Claro, estoy hablando de la parte cruda. De algunas enfermedades mentales que se pasan en los genes como cualquier otra característica heredada y sin alternativa. Ahí, todos y como en todo, vamos jugando a la ruleta. Nature and nurture, lo llaman en inglés. Es decir, lo que nos tocó y lo que nos pasó. De eso precisamente habla un libro maravilloso que leí hace poco. Se llama Hidden Valley Road y cuenta la historia de los Galvin, una familia de gringos en los años 60 que tiene doce hijos, seis con esquizofrenia. El libro narra los dramas de semejante situación y la manera en la que el análisis de este pool familiar catapultó el avance del estudio de las enfermedades mentales en los últimos veinte años. 

La historia es impresionante y la conclusión muy bella y aplicable a todos. “Hasta cierto punto, la biología es un destino. Eso no se puede negar. Pero somos más que nuestros genes, somos un resultado de la gente que nos rodea, de aquellos con la que nos tocó crecer y de aquellos que luego escogimos. Nuestras relaciones pueden destruirnos, pero también pueden cambiarnos y repararnos. Y sin darnos cuenta esas relaciones nos definen. Somos humanos porque la gente a nuestro alrededor nos hace humanos”. 

Y aunque tengamos la suerte de no traer los genes, o de no haberles visto la cara aún, igual estamos locos de mil maneras y en las pequeñeces de la vida. Por ejemplo, yo tengo una amiga a la que quiero mucho y a la que considero loca porque se toma un litro de Coca-Cola al día. Otra que es una pilera, pero que trabaja 18 horas diarias lo que para mí es el más crítico caso de delirio. Tengo una tía que cree en las conspiraciones, asegura que Obama es gay y que su esposa Michelle es transexual. 

También yo estoy loca. Me lo han dicho quienes también me quieren mucho. Loca porque hago crucigramas los viernes a las nueve de la noche, loca porque creo que el hombre más sexi del mundo es Bon Jovi (me gustan los viejitos) y loca porque no quiero tener hijos.  No entiendo, es que no entiendo, me dice mi hermana casi exasperada cuando se toca el tema. ¿Cómo te vas a quedar sin la experiencia tan divina que es tener un hijo? No entiendo, es que no entiendo, le contesto yo. ¿Cómo puedes imponerle la vida a un niño en este mundo tan difícil?
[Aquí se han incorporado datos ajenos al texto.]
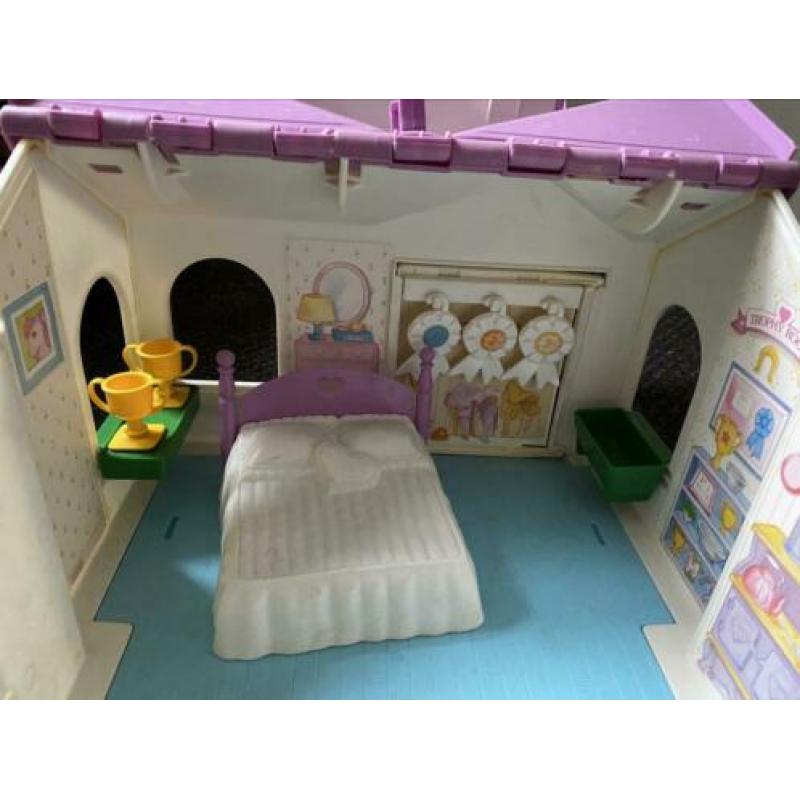 My little pony show stable met inhoud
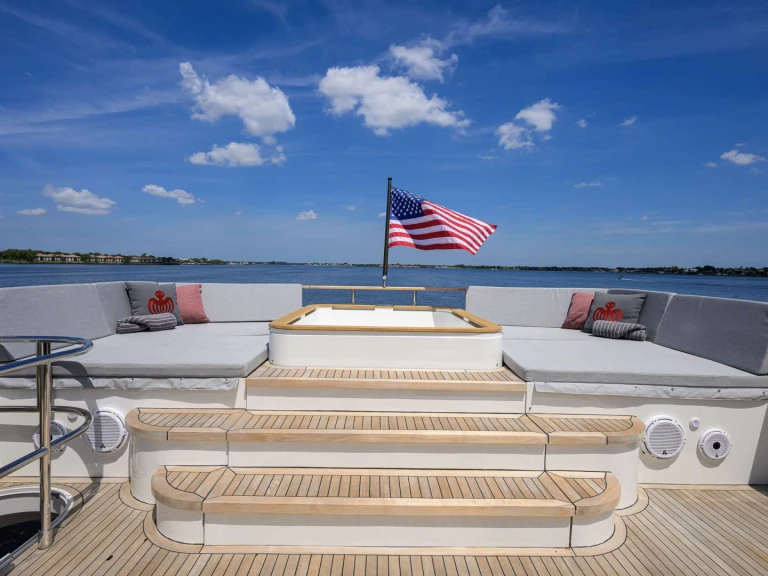 Noleggio barche Bahamas economico SPECTRE
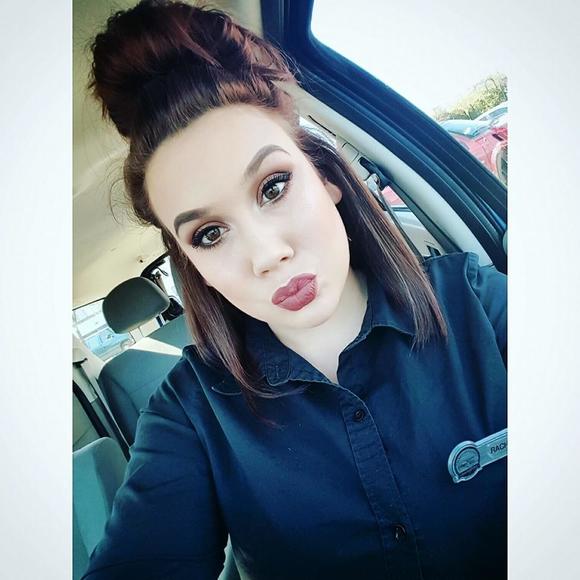 Meet your Posher, Rachel - Picture 1 of 1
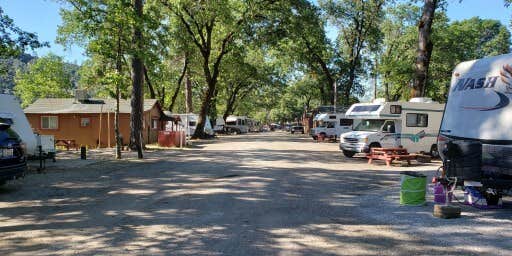 Camper submitted image from Lakeshore Inn & RV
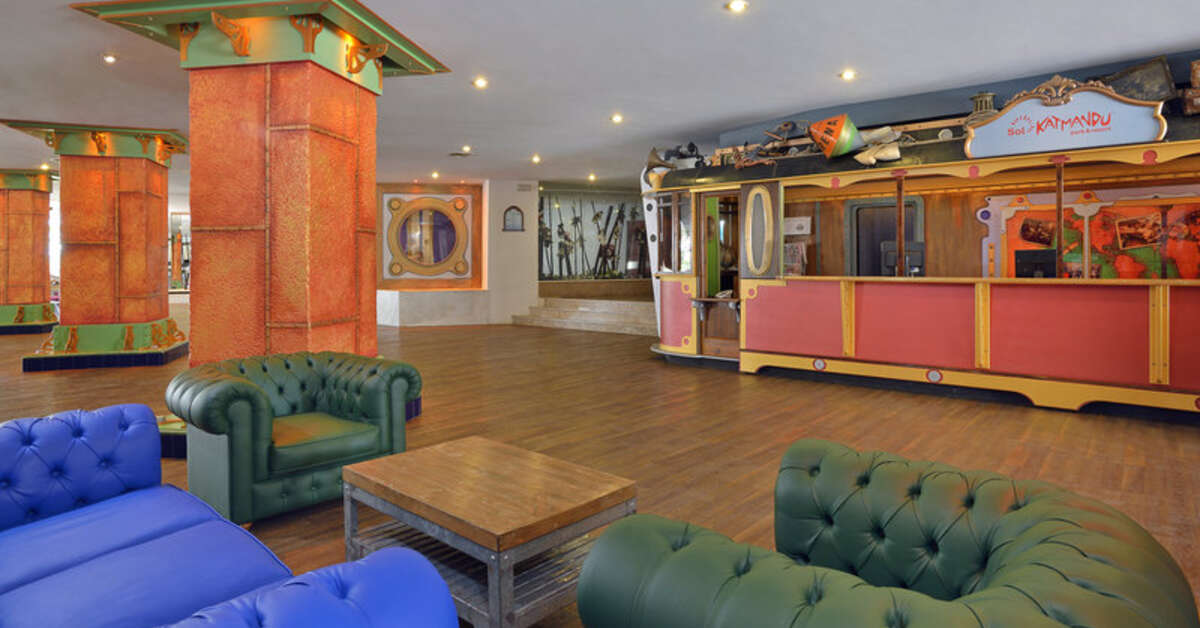 Een foto van het interieur van Sol Katmandu Park & Resort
Dos locuras y ninguna razón. 

Las muchas maneras en las que tenemos flojos los tornillos nos definen y nos acercan. Si buscan compatibilidad con las parejas afinen las locuras y verán que no fallan. Lo puedo decir yo que tengo unos padres-locos que están casados y haciendo locuras hace cincuenta años. Y ahí están juntos, felices y en su propia salsa de realidad salpimentada al gusto. También Nico y yo hemos alineado nuestras chifladuras. Somos ermitaños, huimos de los momentos-diva, con lo que nos casamos sin invitar a nadie, y no creemos en dios ni en ningún angelito. Estamos chiflados. 

Si entendemos que todos tenemos la teja flojita, de una u otra manera, y que nadie es normal tal vez nos haríamos la vida más sencilla. Sin tanto juicio, sin tanto control. Aceptarnos en la locura, primero, y querernos a pesar de ella, después, es lo que nos queda para alivianar la carga de estar vivos y de estar locos, y de tener que darnos cuenta de las dos cosas.